Serving Clovis, Portales and the Surrounding Communities

Father always knew where to find friend

From the editor's desk

Several months ago, I asked readers to share family stories. Several did, and I’ll try to pass them along before the end of the year.

This one is from Peggie Callaway of Melrose.

She wrote about a friend of her father’s who accompanied her family when they moved to California from Clovis in the early 1940s.

“Daddy was not one to make many lasting friends,” she wrote. “There was one in particular that I will always remember. He was a good friend to everyone even though he was quiet and distant.

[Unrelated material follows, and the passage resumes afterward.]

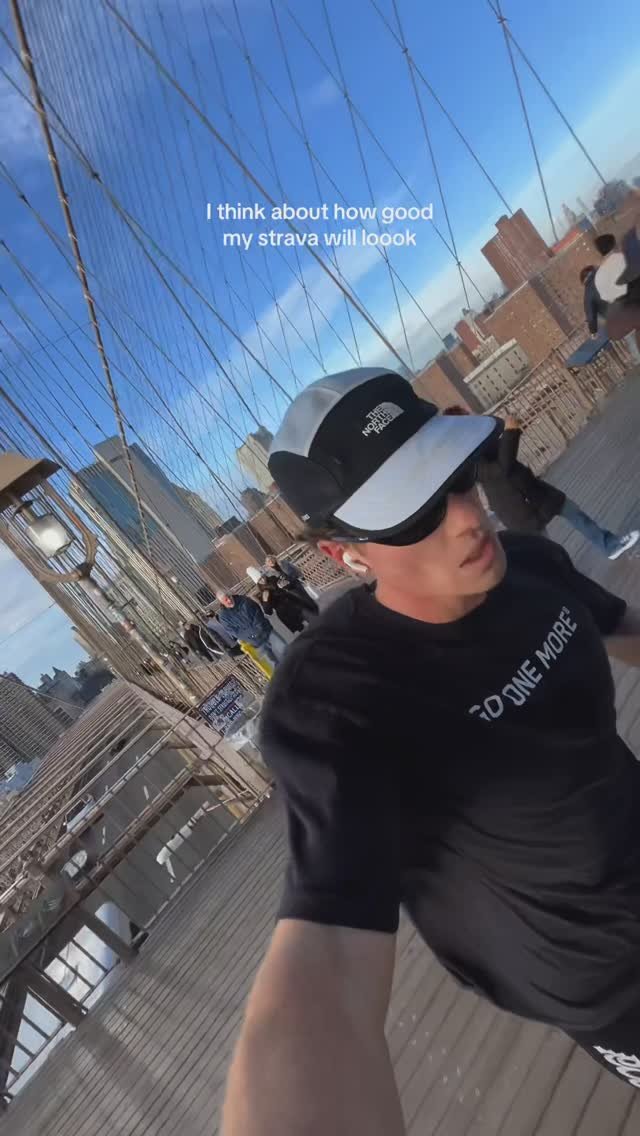 martinmichael_ 게시물 이미지: I can’t be the only one 🫡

“He wore khaki shirts and pants that looked to be made for a man three sizes bigger. He wore a felt hat that was the style then. He pulled it so low he had to tilt his head back to see. He smoked a pipe that smelled so very sweet. I never knew his name, or if I did, time and other memories have wiped it away. I know when I see pictures of Bing Crosby, I remember our friend.”

Callaway said her family lived in a California grape orchard for a while.

“We were just coming to the end of a government-ordered sugar ration,” she wrote. “I know this child was sugar hungry. Living in a grape orchard was like heaven. Evidently, our friend thought so too. We all ate our fill, but this little man and me ate more than our share. It didn’t bother me, but he broke out in sugar boils. They were so bad the doctor told him if he could not leave the grapes alone he would have to move.”

Their friend had to move.

Callaway said her parents “continued their gypsy ways,” living along the West Coast for several years before returning to New Mexico in 1949.

She remembers pulling a “home-made trailer house” with everything the family owned on the return trip, when her Dad made a stop at small gas station near Clines Corners.

Sitting out front, she wrote, “was a man with a hat pulled so low over his eyes he had to tilt his head back to see. He wore a khaki shirt with matching pants three sizes too big ... His pipe emitted the sweetest smell.

“We never knew how Daddy knew where our little friend was, but we spent the next four hours exchanging stories.

“As Daddy pulled us back onto the road home, there were tears falling.”